When she pushed him towards the bed, he grabbed onto her robes and pulled her down with him. Flipping her onto her back, he used his weight to pin her down to the bed. “Listen, Weas—Ginny,” he began. “I don’t know if it’s the plant poison, or the fact that I’m weak from being Stunned, or maybe I just can’t take it anymore, but this has to stop.”
She could feel him, all of him, pressed up against her in a way that made her breath quicken and desire ignite deep inside of her. His hair was hanging in front of his face, his eyelids were heavy, and his lips were parted slightly and very close to hers.
“What,” she breathed. “What has to stop?”
“This between us. The enmity. The animosity. I don’t dislike you. In fact, I feel very, very much the opposite, Ginny.”
“Really?” she asked breathlessly.
“Really.” He lowered his head and pressed his lips to hers, kissing her softly but repeatedly, cradling her head in his hands gently. She reached around and hugged him closer to her, feeling the cords of muscles in his broad back, scratching him lightly, causing him to shudder. Arching her back slightly, she heard him groan, and he deepened the kiss, making her breathless and also making her wish that there were less layers between them.
They heard a loud click and he broke the union between them and looked at the now wide open door across the room.
Blaise and Pansy stood, identical smirks on their faces, gazing at the couple lying on the bed.
Blaise held out his hand to the brunette. “That’s twenty galleons you owe me. Pay up, you Harpy,” he said good naturedly.
Pansy tossed two wands onto the bed next to the couple. “Pay you?” she asked incredulously. “Pay you? They’re kissing! You owe me!”
“The bet was that she’d pounce on him, and you know it. Don’t welch, Pansy. Don’t be that girl. It doesn’t become you.”
“Welch my lily white arse, Blaise,” she retorted.
The two retreated down the hall, still arguing and Draco refocused his attention back on the redhead underneath him. “It appears that they had a plan.”

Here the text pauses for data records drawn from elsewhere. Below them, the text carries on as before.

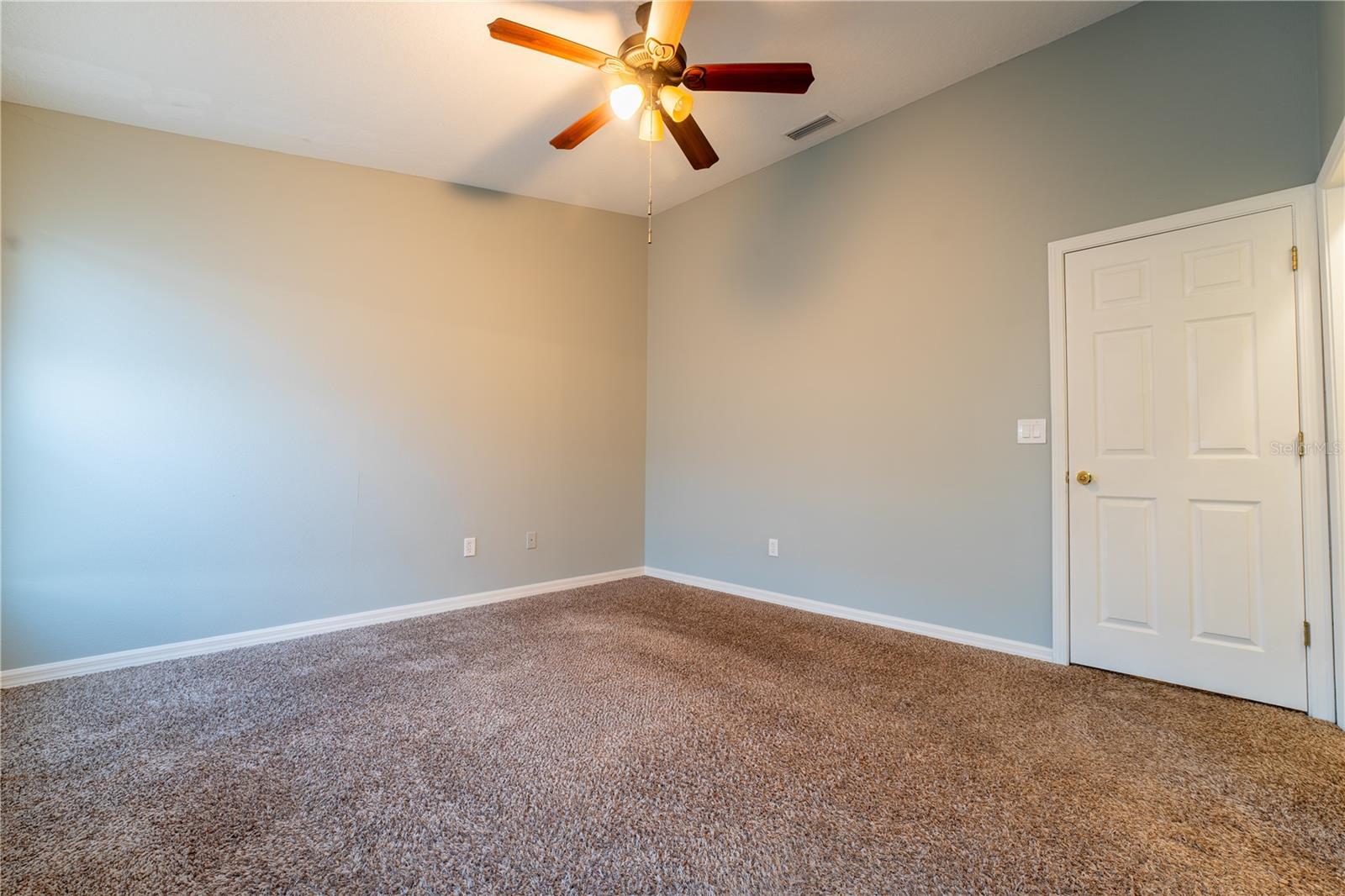 VILLAGES OF BLOOMINGDALE - PHA - Residential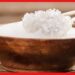 Benefits of Sugar: ক্ষতি নয়, কয়েক দানা চিনিতেই হবে চমৎকার! রইল হাজারো সমস্যার সমাধান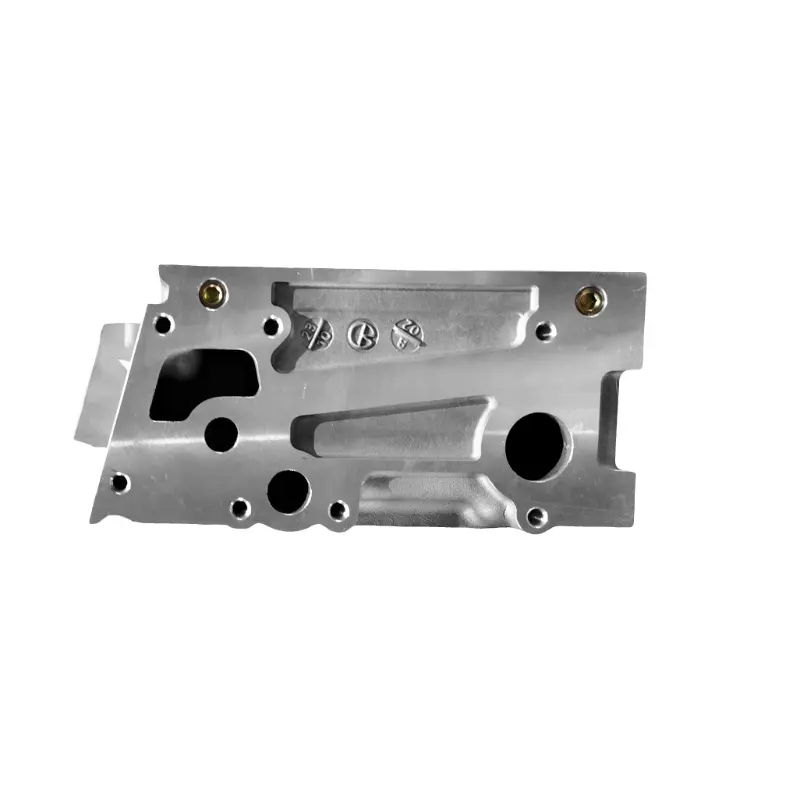 Culasse F1CE 3.0 Multijet Ducato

She smiled and nodded, looking at the open door. “Yes, I guess so.”
“So,” he prompted.
“So,” she replied softly, moving her hands to tangle in the back of his hair. “Whatever it takes, I say. Besides, I can’t wait to get my hands on your rose garden.”
“Good.” He chuckled. “You’ll come back to work, too, then? Abbot is horrific,” he whispered, tucking some hair behind her ear and placing a kiss on her neck. “I can come up with a great package of perks.”
She laughed. “You sound like Blaise. These perks, do they include seeing me nearly naked and groping me once a week?”
He laughed again. “Yes. Whether you need it or not.”
“Excellent. I accept.”
“The Reclamation Cooperation will be complete again.”
“Absolutely.” She pondered a moment, closing her eyes as he kissed the sensitive spots on her throat. “You know that’s a rubbish name.”
“I know.” He pointed his wand at the door, closing and sealing it and set about making up for years of lost time.